§ **What to produce**
What are the lines from the one with "-汉长安城未央宫国家考古遗址公园" through the end of the records below, written out exactly and without the pictures?

(Image-text web data)
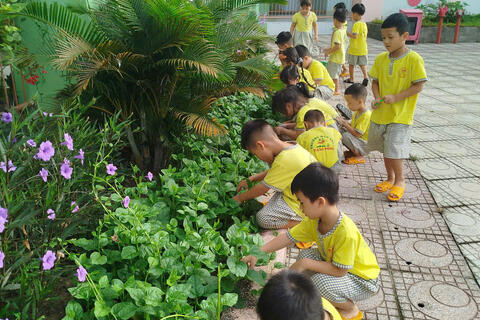 lơn 1
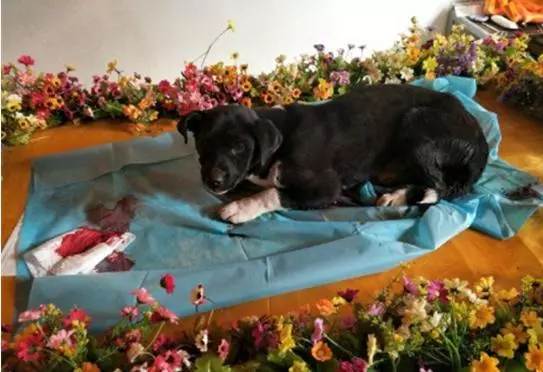 男子收養流浪狗兩天后狗狗死亡,埋葬的時候主人流淚,奇跡發生了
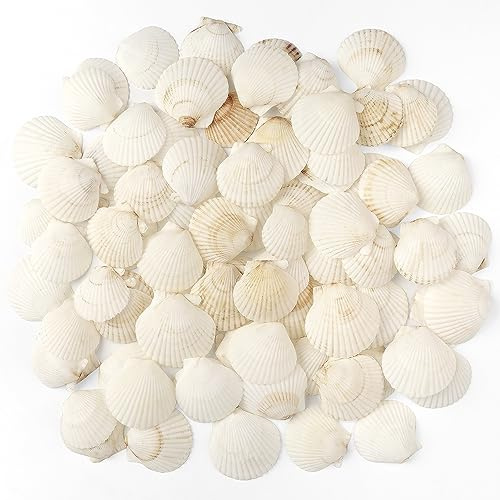 Jangostor 48 PCS Scallop Shells Natural Seashell, 1.5 to 2 White Scallop Shells Small Seashells for Crafts Wedding Decor Beach Theme Party, Fish Tank and Vase Filler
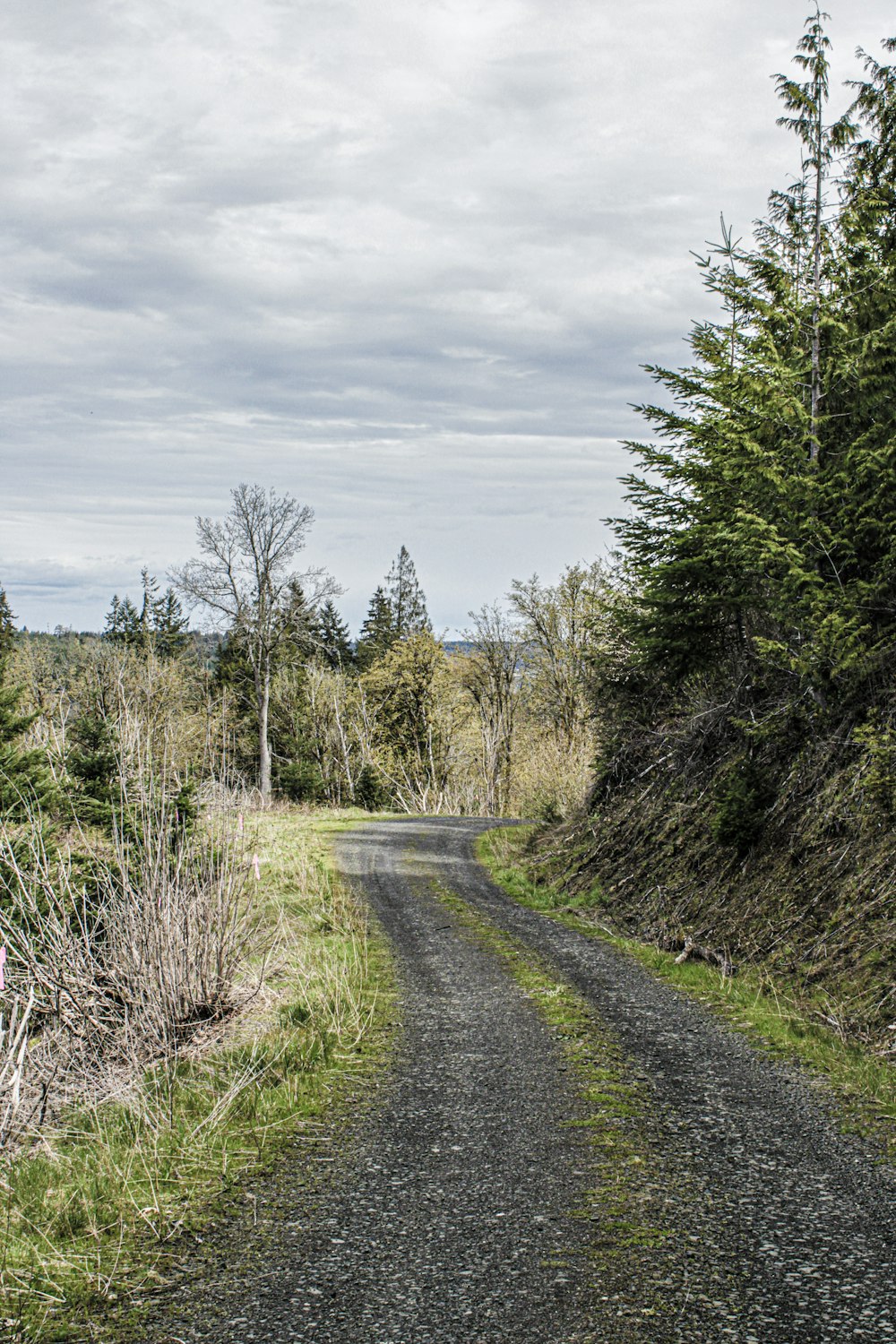 a road in the middle of a wooded area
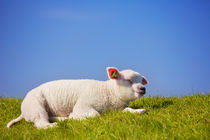 Texel lamb on the island of Texel, The Netherlands by Sara Winter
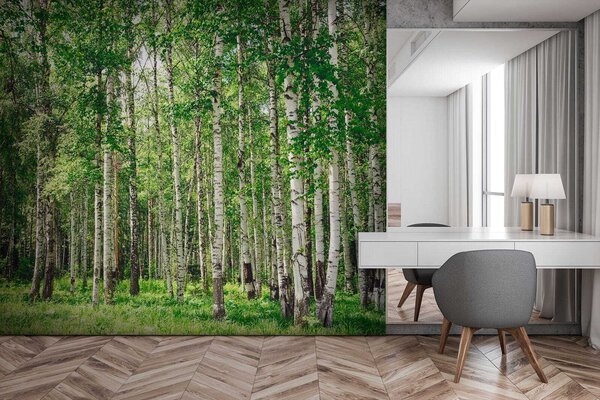 Tapety V letnom brezovom lese, Fototapety s lesom, Fototapety brezy, u52530 : Uwalls.sk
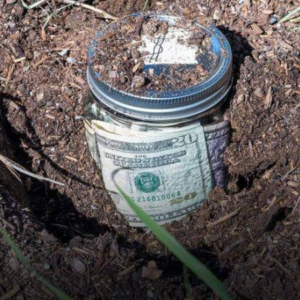 Boy Unearths Hidden Treasure in Granny’s Garden, Revealing Life-Altering Riches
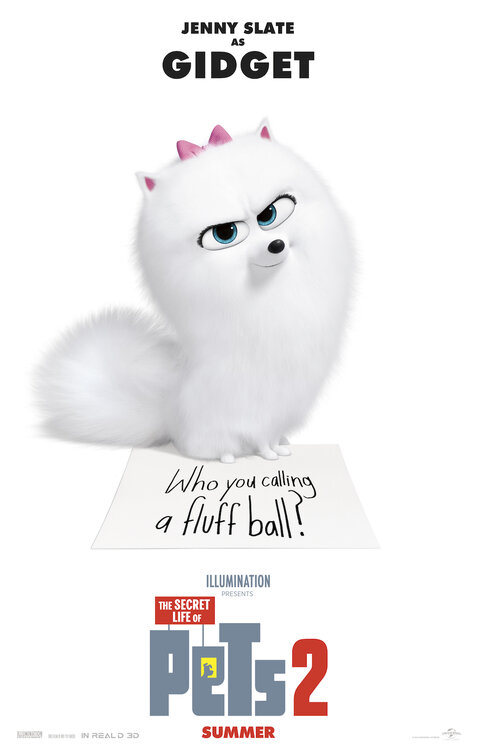 The Secret Life of Pets 2 Movie Poster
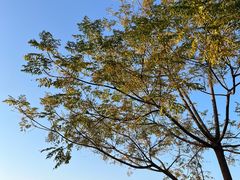 -汉长安城未央宫国家考古遗址公园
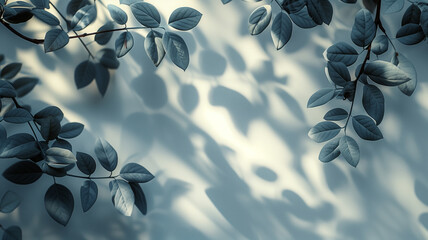 A leafy tree branch casts a shadow on a white background - obrazy, fototapety, plakaty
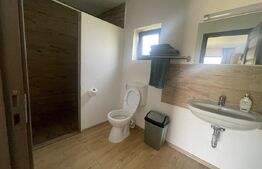 Pensiune de Vânzare - afacere la cheie Bistrita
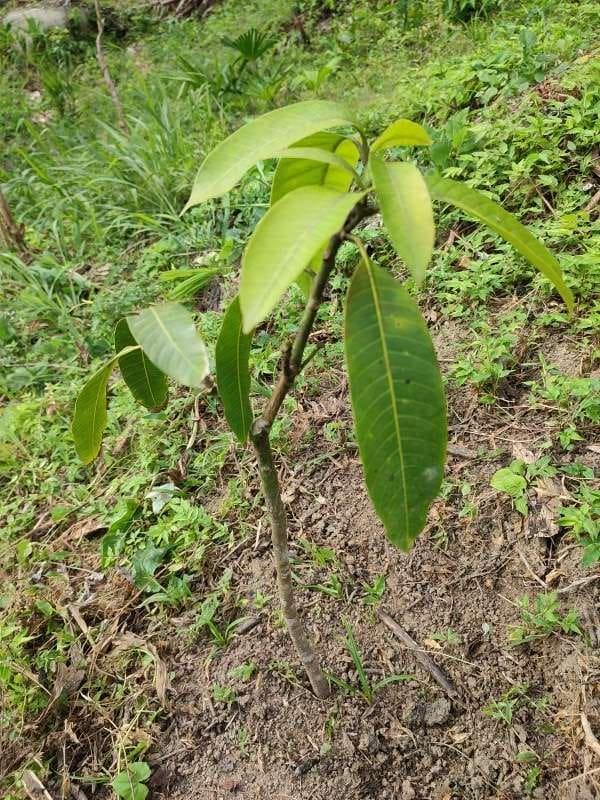 tree image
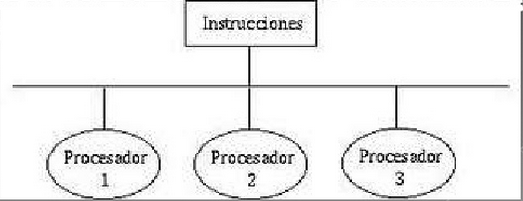 Cuatro clasificaciones definidas por Flynn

§ **Output for this exercise**
 -汉长安城未央宫国家考古遗址公园
 A leafy tree branch casts a shadow on a white background - obrazy, fototapety, plakaty
 Pensiune de Vânzare - afacere la cheie Bistrita
 tree image
 Cuatro clasificaciones definidas por Flynn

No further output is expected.